◆ Work instruction
Quote from the first line below through the line that contains "Anti-RFX7 Antibody", both included, and leave the pictures out.

◆ Data under study
+---+
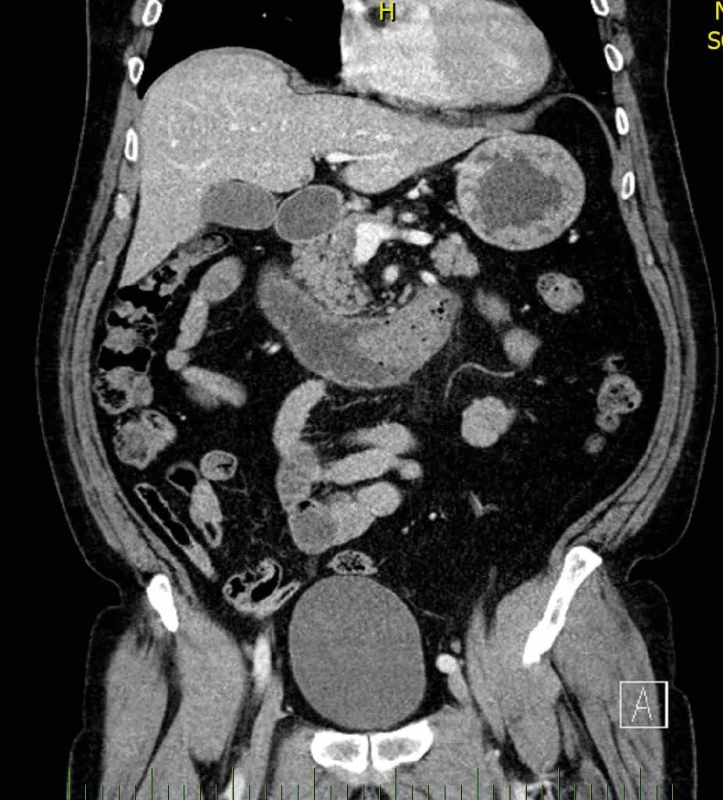 CT břicha, suspektní bezoár obturující duodenum Fig. 5: Abdominal CT, suspected bezoar obturating the duodenum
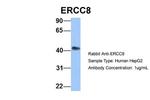 ERCC8 Antibody in Western Blot (WB)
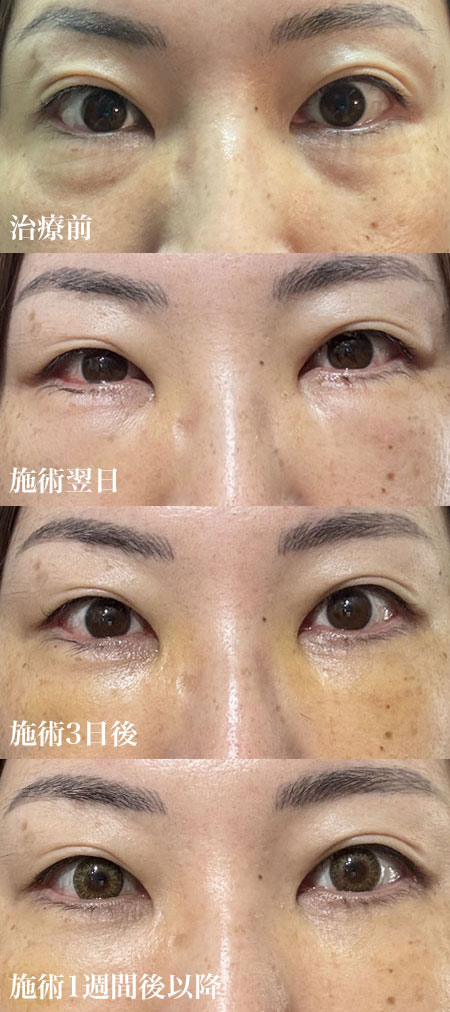 軽度の治療前・翌日・3日後・1週間後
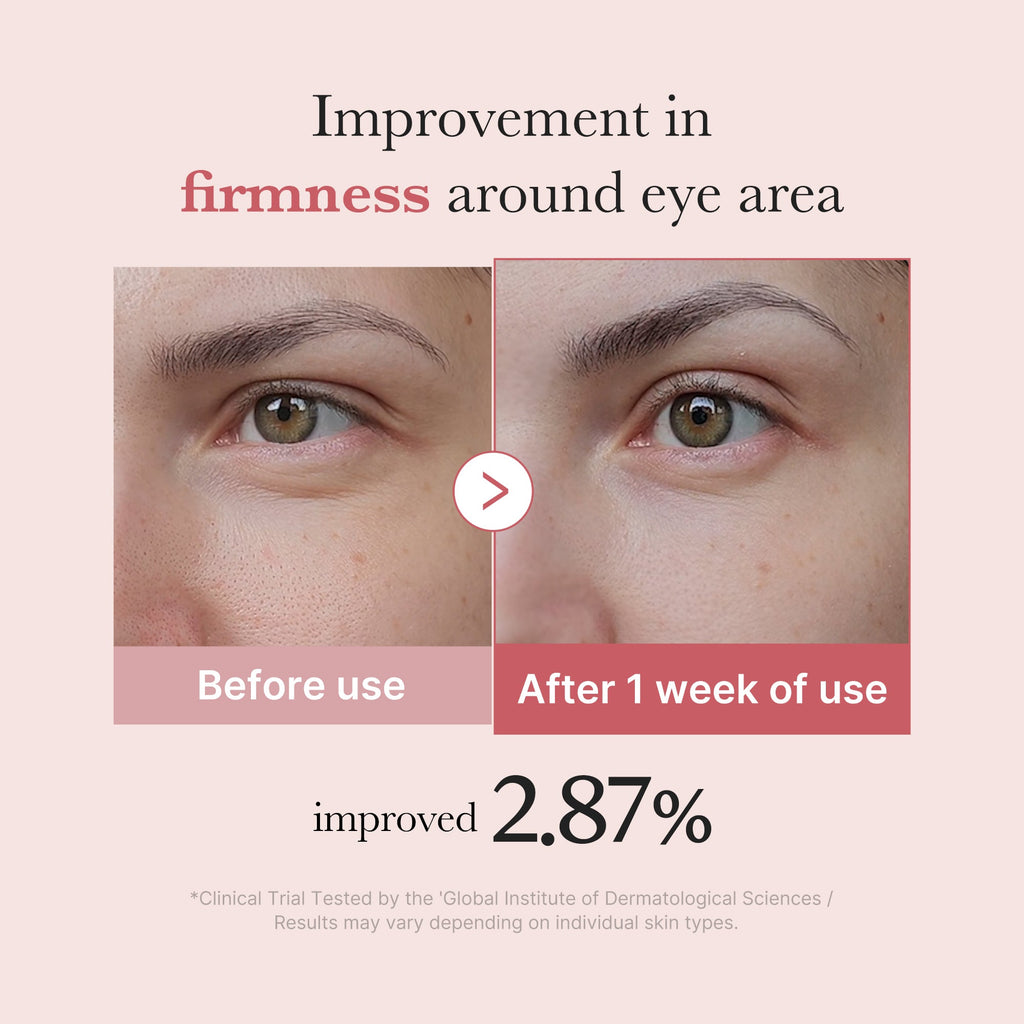PDRN Pink Peptide Eye Cream - medicube.us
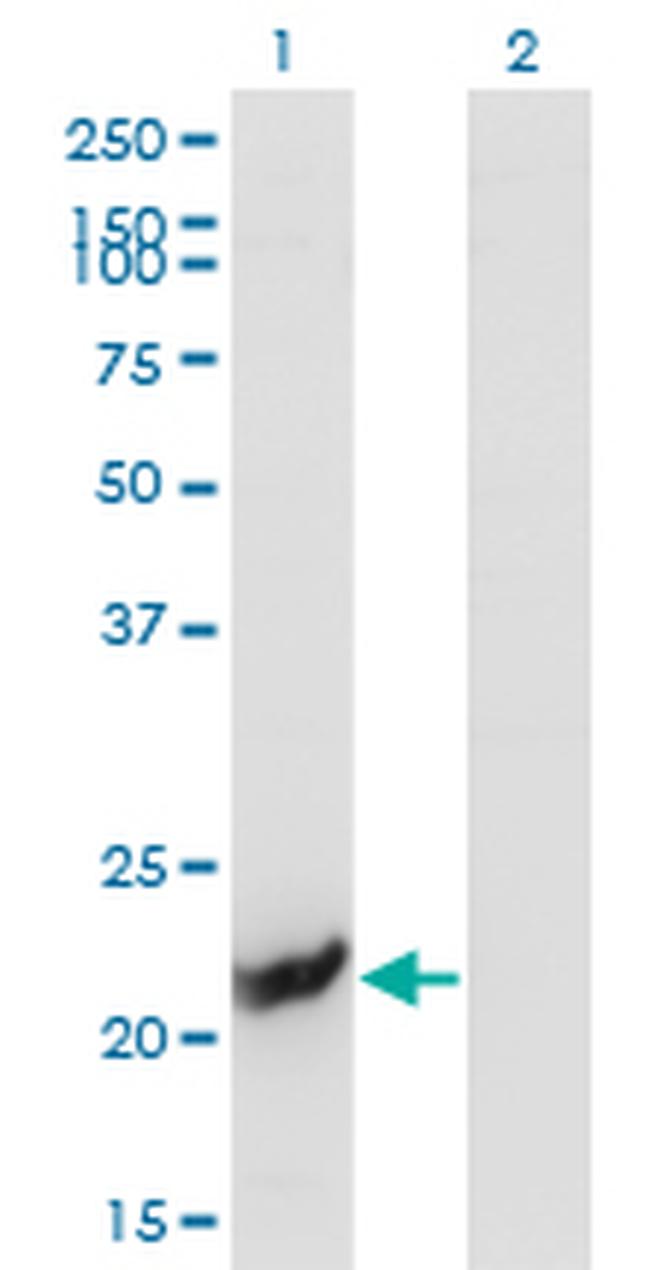 GUK1 Antibody in Western Blot (WB)
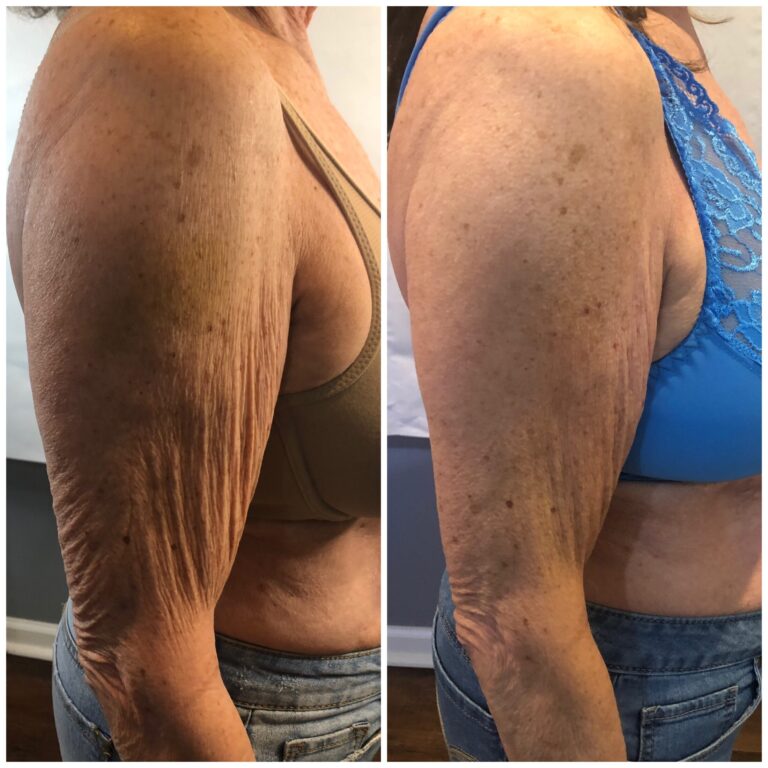 CryoTone after 4 Sessions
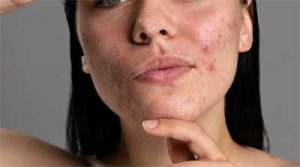 séance de magnétisme contre l'acné.
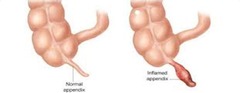 <p>Inflammation of appendix, can lead to peritonitis.</p>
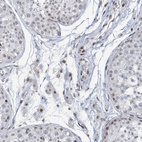 Anti-RFX7 Antibody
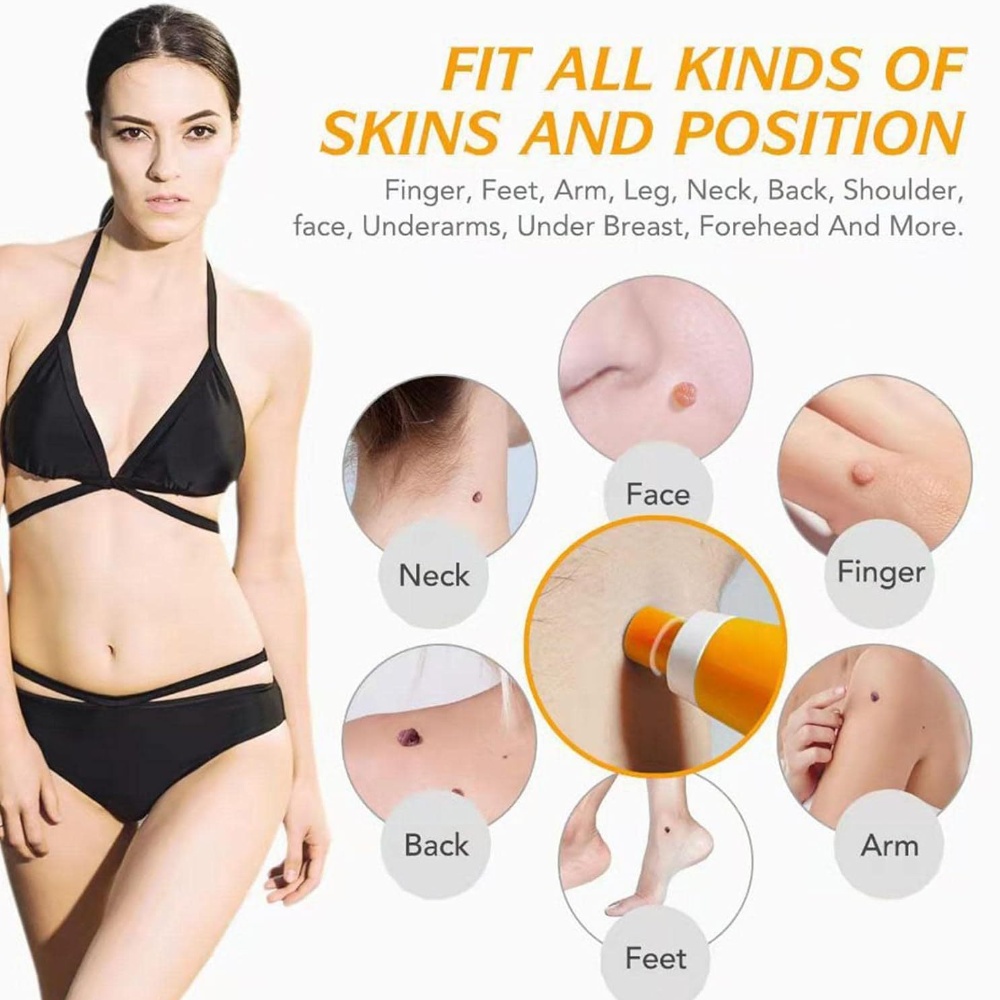 Auto Skin Tag Removal Kit For  - огляд і ціна Skincare Ingredients Checker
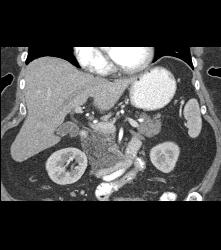 Fatty Infiltration of the Pancreas Simulates A Mass - CTisus CT Scan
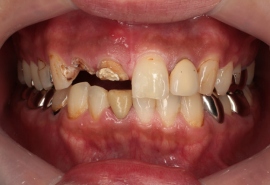 フルマウス治療前
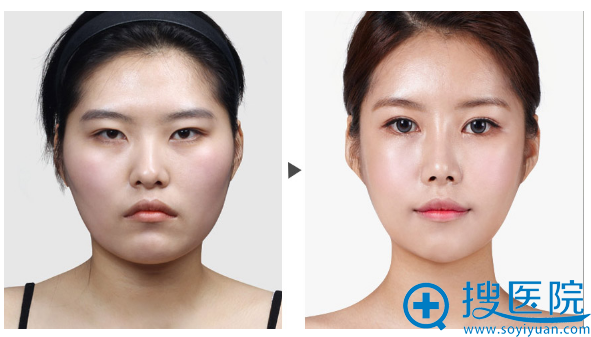 上海美莱张怀军双眼皮案例 上海美莱张怀军双眼皮案例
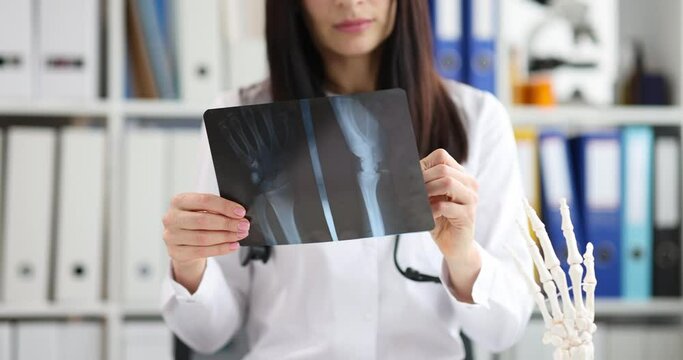 Doctor traumatologist looking at xray of hand on background of artificial model of human palm 4k movie slow motion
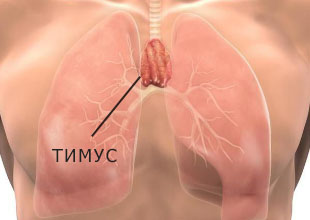 Рак тимуса (вилочковой железы)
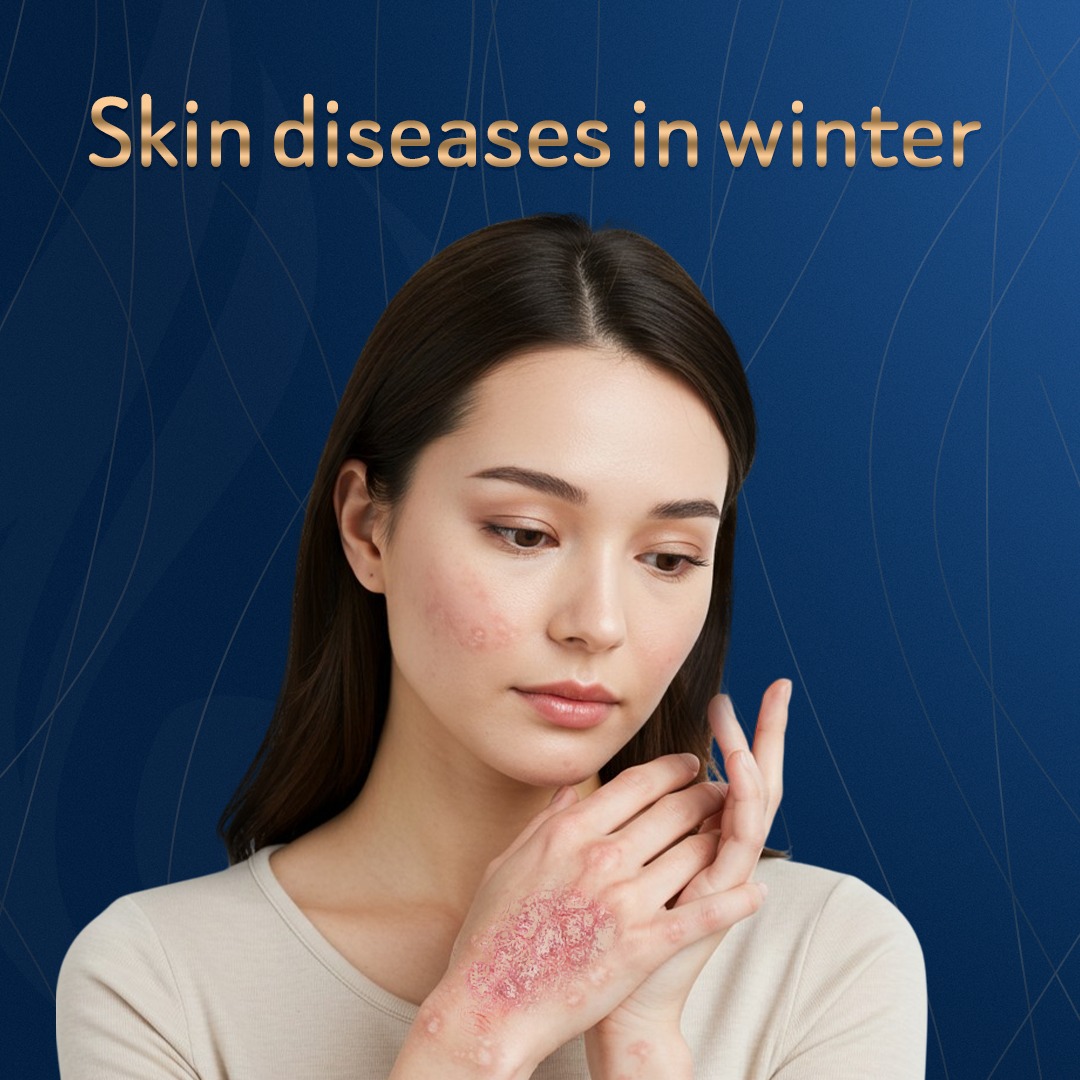 أمراض جلدية شائعة في فصل الشتاء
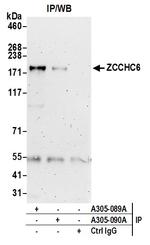 ZCCHC6 Antibody in Immunoprecipitation (IP)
+---+
◆ Exercise solution
 CT břicha, suspektní bezoár obturující duodenum Fig. 5: Abdominal CT, suspected bezoar obturating the duodenum
 ERCC8 Antibody in Western Blot (WB)
 軽度の治療前・翌日・3日後・1週間後
PDRN Pink Peptide Eye Cream - medicube.us
 GUK1 Antibody in Western Blot (WB)
 CryoTone after 4 Sessions
 séance de magnétisme contre l'acné.
 <p>Inflammation of appendix, can lead to peritonitis.</p>
 Anti-RFX7 Antibody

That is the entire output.